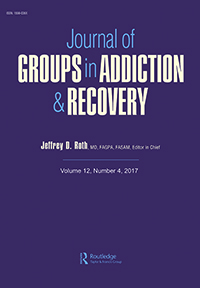 Cover image for Journal of Groups in Addiction & Recovery, Volume 12, Issue 4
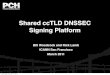 Shared ccTLD DNSSEC Signing Platform - ICANN GNSO...From ccTLD to PCH: Under control and guidance of ccTLD Clear checklist of transition steps KSK and ZSK generated in PCHʼs HSMs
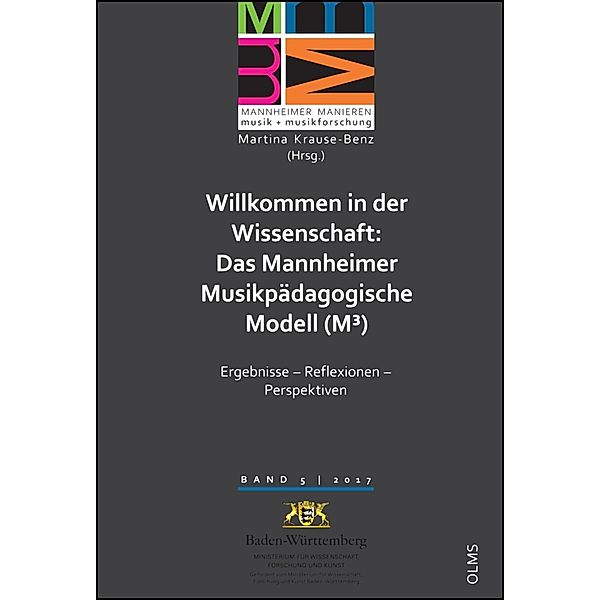 Willkommen in der Wissenschaft: Das Mannheimer Musikpädagogische Modell (M3)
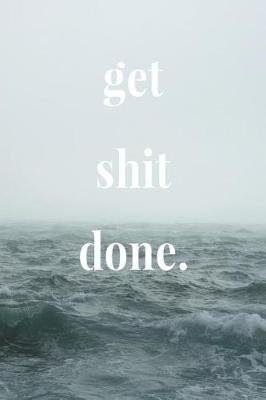 Book cover for Get Shit Done.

- _TASK TO COMPLETE_:
Exactly the lines from the line with "Willkommen in der" through the end of the data are to be reproduced, and no picture is to be included.

- _RESULT OF THIS TASK_:
 Willkommen in der Wissenschaft: Das Mannheimer Musikpädagogische Modell (M3)
 Book cover for Get Shit Done.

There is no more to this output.